#### Assignment:
Would you please transcribe the data in full and exactly, excluding images?
--- Records shown Enclosed Below ---
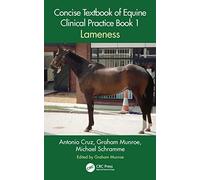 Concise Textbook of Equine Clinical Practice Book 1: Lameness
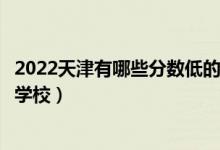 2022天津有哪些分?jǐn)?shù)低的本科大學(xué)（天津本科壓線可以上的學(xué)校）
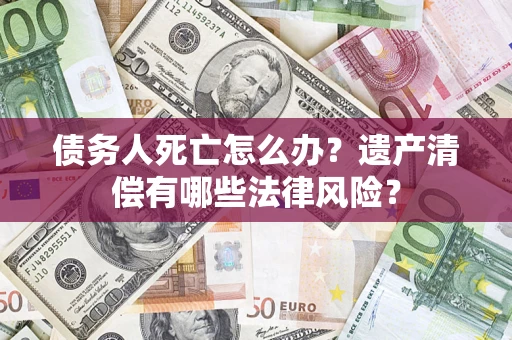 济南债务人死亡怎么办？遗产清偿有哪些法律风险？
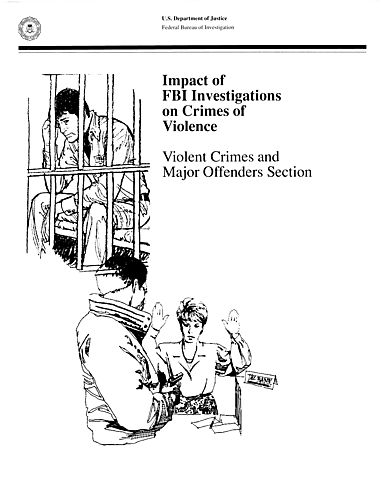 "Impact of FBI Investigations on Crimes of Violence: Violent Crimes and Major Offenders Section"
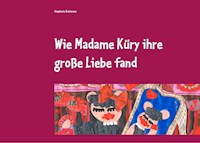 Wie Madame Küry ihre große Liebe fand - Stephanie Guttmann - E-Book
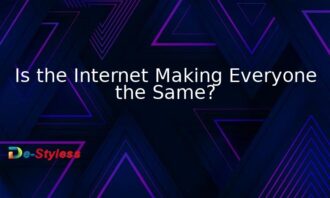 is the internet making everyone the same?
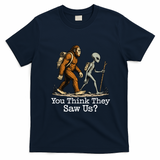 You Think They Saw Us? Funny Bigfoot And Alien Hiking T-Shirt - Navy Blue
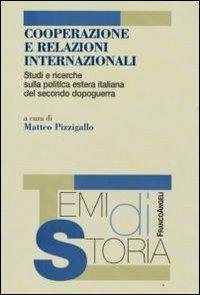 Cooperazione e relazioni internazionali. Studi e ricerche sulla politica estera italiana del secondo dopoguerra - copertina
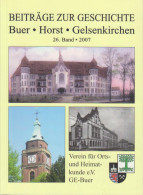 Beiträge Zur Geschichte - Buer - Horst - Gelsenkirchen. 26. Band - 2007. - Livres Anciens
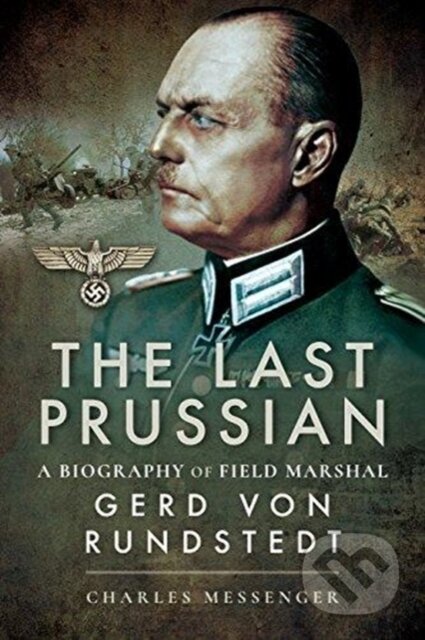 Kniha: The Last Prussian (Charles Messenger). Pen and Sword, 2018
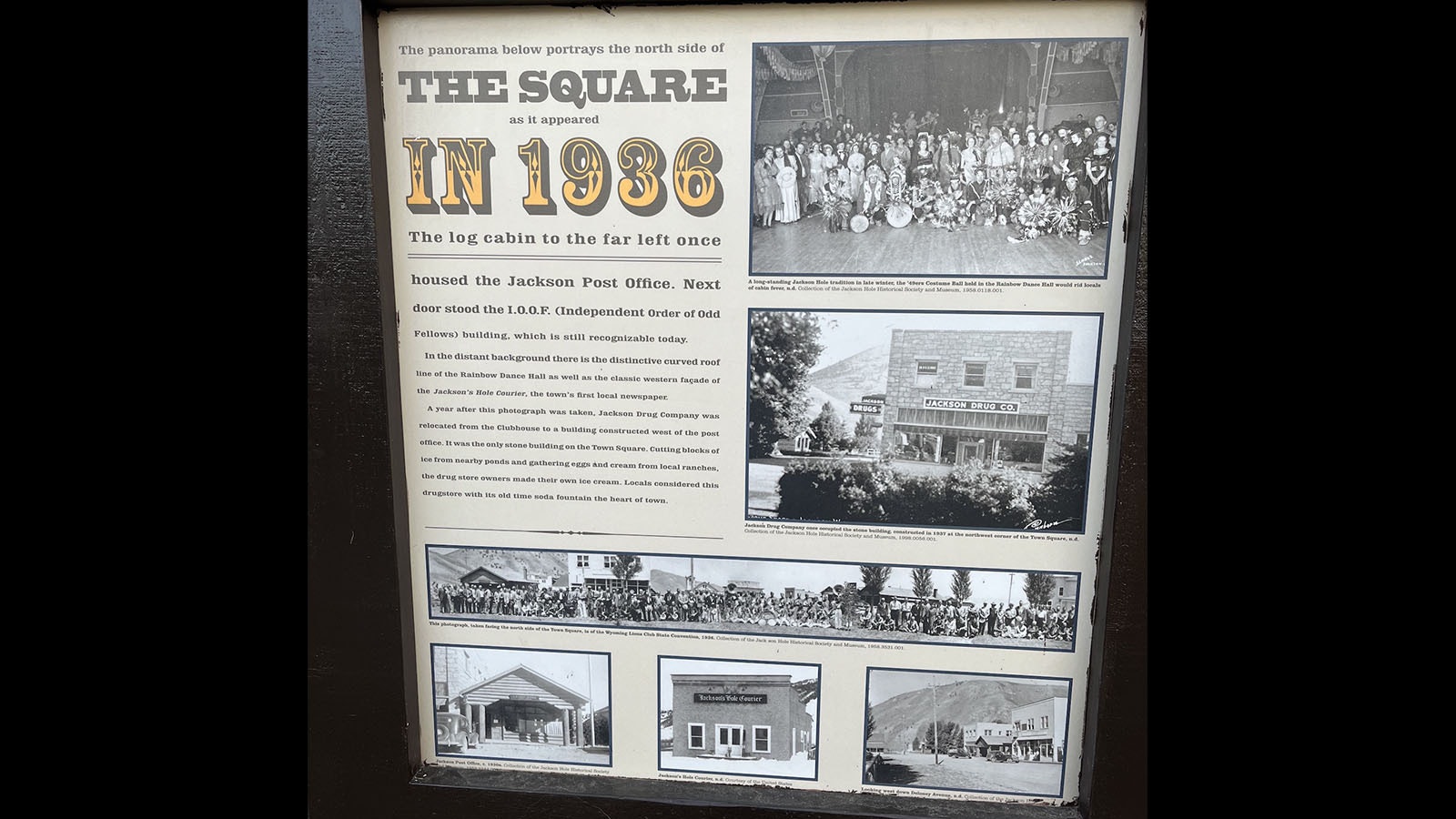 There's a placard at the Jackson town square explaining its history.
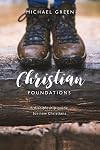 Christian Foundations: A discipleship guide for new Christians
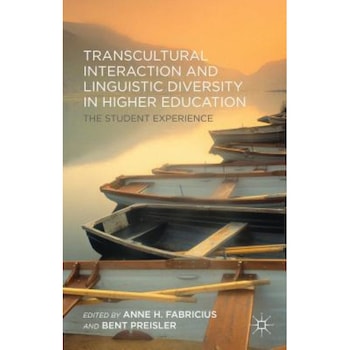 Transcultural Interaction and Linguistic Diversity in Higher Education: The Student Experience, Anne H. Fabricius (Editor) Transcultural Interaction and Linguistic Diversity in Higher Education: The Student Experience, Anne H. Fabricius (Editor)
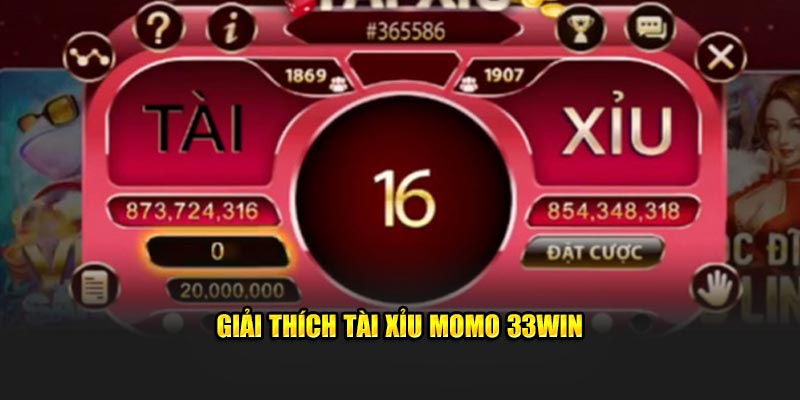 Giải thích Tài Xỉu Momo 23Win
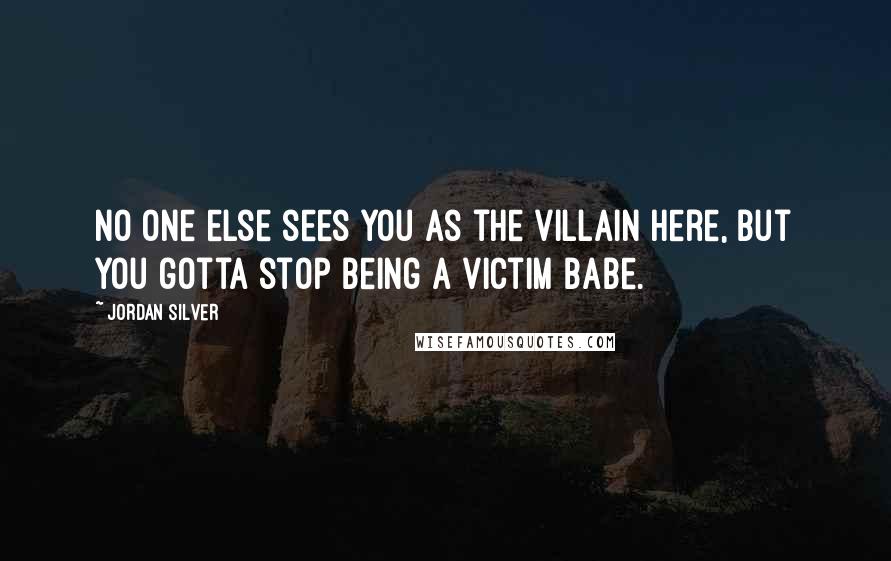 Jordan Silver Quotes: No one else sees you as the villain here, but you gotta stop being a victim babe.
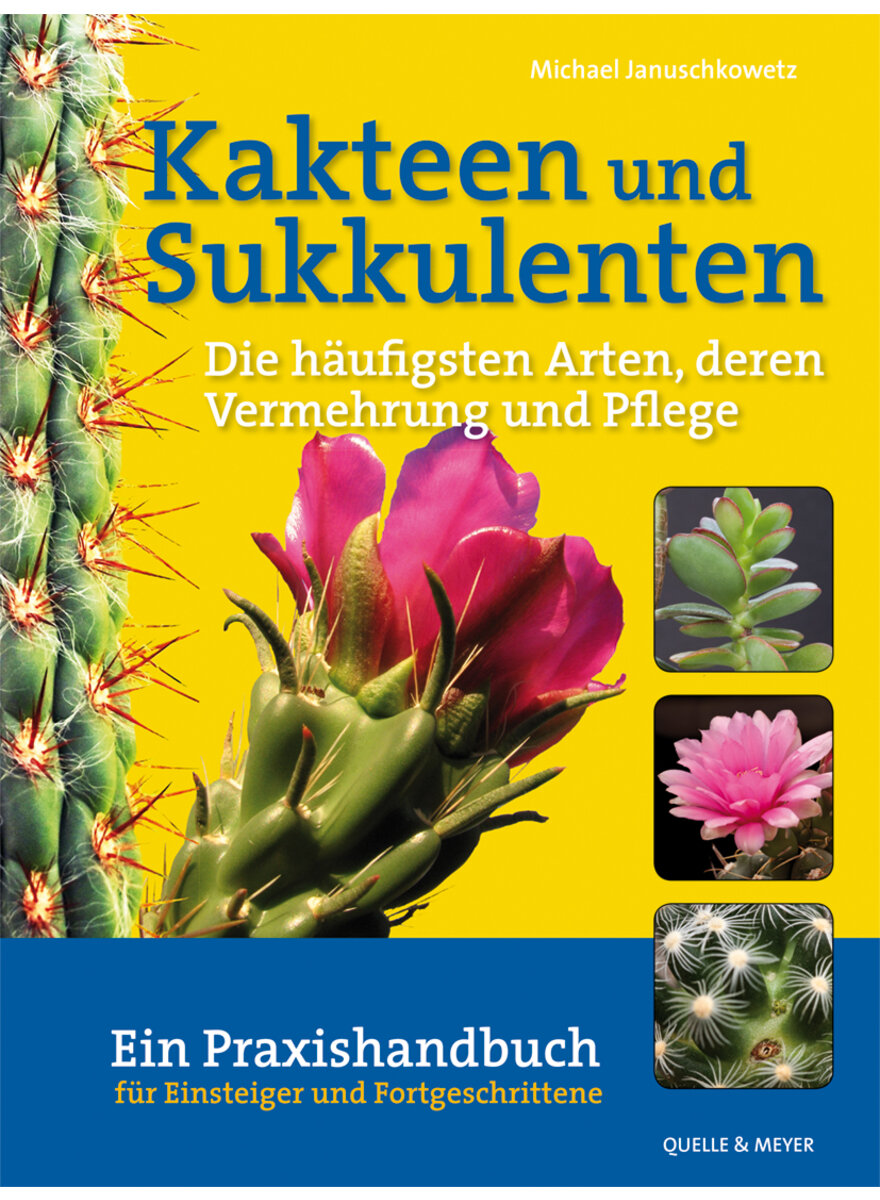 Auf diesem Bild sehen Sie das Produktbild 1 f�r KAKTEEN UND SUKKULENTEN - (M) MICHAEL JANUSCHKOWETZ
--- End of Enclosed Records shown ---
#### Exercise answer:
 Concise Textbook of Equine Clinical Practice Book 1: Lameness
 2022天津有哪些分?jǐn)?shù)低的本科大學(xué)（天津本科壓線可以上的學(xué)校）
 济南债务人死亡怎么办？遗产清偿有哪些法律风险？
 "Impact of FBI Investigations on Crimes of Violence: Violent Crimes and Major Offenders Section"
 Wie Madame Küry ihre große Liebe fand - Stephanie Guttmann - E-Book
 is the internet making everyone the same?
 You Think They Saw Us? Funny Bigfoot And Alien Hiking T-Shirt - Navy Blue
 Cooperazione e relazioni internazionali. Studi e ricerche sulla politica estera italiana del secondo dopoguerra - copertina
 Beiträge Zur Geschichte - Buer - Horst - Gelsenkirchen. 26. Band - 2007. - Livres Anciens
 Kniha: The Last Prussian (Charles Messenger). Pen and Sword, 2018
 There's a placard at the Jackson town square explaining its history.
 Christian Foundations: A discipleship guide for new Christians
 Transcultural Interaction and Linguistic Diversity in Higher Education: The Student Experience, Anne H. Fabricius (Editor) Transcultural Interaction and Linguistic Diversity in Higher Education: The Student Experience, Anne H. Fabricius (Editor)
 Giải thích Tài Xỉu Momo 23Win
 Jordan Silver Quotes: No one else sees you as the villain here, but you gotta stop being a victim babe.
 Auf diesem Bild sehen Sie das Produktbild 1 f�r KAKTEEN UND SUKKULENTEN - (M) MICHAEL JANUSCHKOWETZ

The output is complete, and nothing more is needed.